Because some of Tiberi’s classmates share her concern, and because student leaders here have been debating for days about how best to make their opinions known, the student protest at Lakewood High might look very different from those earlier in the week.
“We wanted to find a way to voice our concerns without actually missing school,” said Ana Fairbanks-Mahnke, a Lakewood junior, previewing tomorrow’s plans. “All of us really value our educations.”
Since Friday, students from 13 of Jeffco Public Schools’ 17 traditional high schools have rallied in opposition to the proposed community curriculum review panel. Lakewood High, the county’s largest high school, is expected to be the 14th.

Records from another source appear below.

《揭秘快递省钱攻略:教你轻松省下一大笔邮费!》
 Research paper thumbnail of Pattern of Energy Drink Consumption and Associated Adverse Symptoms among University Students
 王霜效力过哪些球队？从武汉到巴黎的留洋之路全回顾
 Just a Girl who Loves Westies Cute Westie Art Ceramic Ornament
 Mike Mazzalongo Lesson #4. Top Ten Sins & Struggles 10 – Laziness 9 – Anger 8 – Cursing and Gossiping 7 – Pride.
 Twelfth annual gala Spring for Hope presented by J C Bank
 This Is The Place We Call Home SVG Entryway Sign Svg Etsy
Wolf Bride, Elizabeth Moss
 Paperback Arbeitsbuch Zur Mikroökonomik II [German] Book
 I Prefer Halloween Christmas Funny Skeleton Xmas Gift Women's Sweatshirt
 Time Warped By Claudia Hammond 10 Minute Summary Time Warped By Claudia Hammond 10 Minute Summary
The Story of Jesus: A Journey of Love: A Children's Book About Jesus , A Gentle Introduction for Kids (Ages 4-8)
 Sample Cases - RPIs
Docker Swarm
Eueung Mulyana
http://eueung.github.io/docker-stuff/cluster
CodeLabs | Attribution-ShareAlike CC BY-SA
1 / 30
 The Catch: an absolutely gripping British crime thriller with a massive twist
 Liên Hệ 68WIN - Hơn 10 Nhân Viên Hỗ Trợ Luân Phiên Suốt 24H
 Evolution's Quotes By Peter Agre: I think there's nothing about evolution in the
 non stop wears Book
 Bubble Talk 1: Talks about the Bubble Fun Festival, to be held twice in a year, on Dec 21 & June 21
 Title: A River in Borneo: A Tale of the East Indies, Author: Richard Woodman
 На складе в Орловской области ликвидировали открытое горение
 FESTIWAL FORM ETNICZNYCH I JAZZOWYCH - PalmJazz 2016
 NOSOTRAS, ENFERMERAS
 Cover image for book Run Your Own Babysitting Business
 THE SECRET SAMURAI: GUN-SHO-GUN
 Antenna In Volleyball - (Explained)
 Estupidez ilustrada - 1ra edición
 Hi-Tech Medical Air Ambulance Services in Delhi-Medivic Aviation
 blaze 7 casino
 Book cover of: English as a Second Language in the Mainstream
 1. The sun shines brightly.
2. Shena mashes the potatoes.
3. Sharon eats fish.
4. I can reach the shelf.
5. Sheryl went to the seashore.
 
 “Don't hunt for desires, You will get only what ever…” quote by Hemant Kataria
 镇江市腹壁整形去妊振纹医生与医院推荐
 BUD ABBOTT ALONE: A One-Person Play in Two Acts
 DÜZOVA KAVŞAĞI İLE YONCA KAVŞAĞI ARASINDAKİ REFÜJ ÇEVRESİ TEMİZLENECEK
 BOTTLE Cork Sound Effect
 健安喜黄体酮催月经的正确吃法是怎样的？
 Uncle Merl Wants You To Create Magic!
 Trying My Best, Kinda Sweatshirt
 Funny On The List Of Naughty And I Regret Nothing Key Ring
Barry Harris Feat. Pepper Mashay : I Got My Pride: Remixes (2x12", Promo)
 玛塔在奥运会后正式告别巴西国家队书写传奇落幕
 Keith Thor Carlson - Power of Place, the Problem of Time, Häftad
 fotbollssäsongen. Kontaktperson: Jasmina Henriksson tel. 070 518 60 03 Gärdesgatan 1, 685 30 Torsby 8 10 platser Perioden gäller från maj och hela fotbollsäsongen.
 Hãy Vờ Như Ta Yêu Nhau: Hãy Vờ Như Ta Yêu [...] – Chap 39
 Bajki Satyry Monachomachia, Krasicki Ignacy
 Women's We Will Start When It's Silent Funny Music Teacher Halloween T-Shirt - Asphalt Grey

Each day’s subsequent protests have grown — from about 100 at Standley Lake High on Friday to 1,000 at Chatfield High today. The students have gotten louder and rowdier. And while student organizers have done their best to maintain the activist spirit of the walkouts, it’s becoming clear that some students are just out for a day off.
Instead of an early-morning mass exodus with no specific end time, students are being encouraged to rally for about 20 minutes during their homeroom at 9:20 a.m., be back for class at 9:40 a.m., and only return to the demonstration if they have a free period.
“To clarify the intent of this is not to ‘walk out’ in the sense that other schools have done,” Lakewood High organizers posted on Facebook. “We will in no way promote kids walking out of classes. This will be classier and show that we value our education.”
Organizers have also posted a detailed list of appropriate behavior and rules for tomorrow on social media.
To prepare, student leaders have met with school staff and Lakewood police department. And 650 students met with the county’s superintendent Dan McMinimee earlier in the week.
“Our students are well-informed,” said Lisa Ritchey, Lakewood High’s principal.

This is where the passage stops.